• _Work item_
Apart from the pictures, print the data below exactly as given.

[Given information]

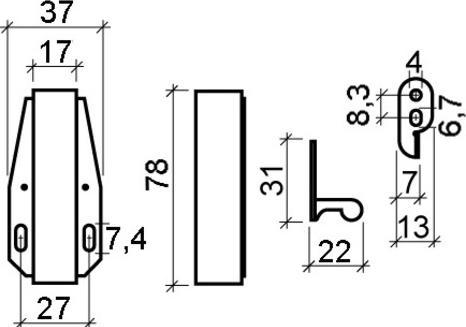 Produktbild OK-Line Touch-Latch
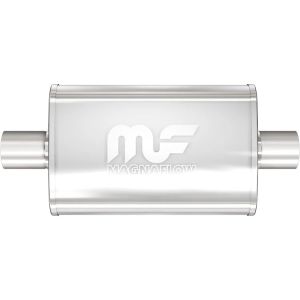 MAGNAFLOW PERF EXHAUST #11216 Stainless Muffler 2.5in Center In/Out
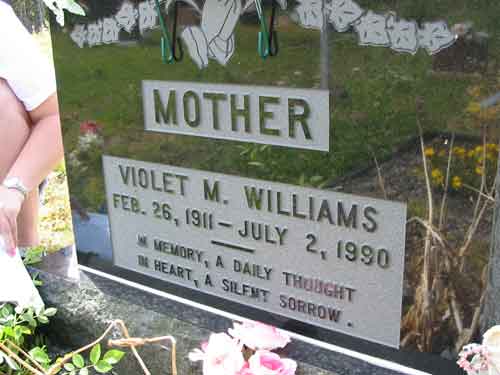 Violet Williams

[/Given information]

• _Result below_
 Produktbild OK-Line Touch-Latch
 MAGNAFLOW PERF EXHAUST #11216 Stainless Muffler 2.5in Center In/Out
 Violet Williams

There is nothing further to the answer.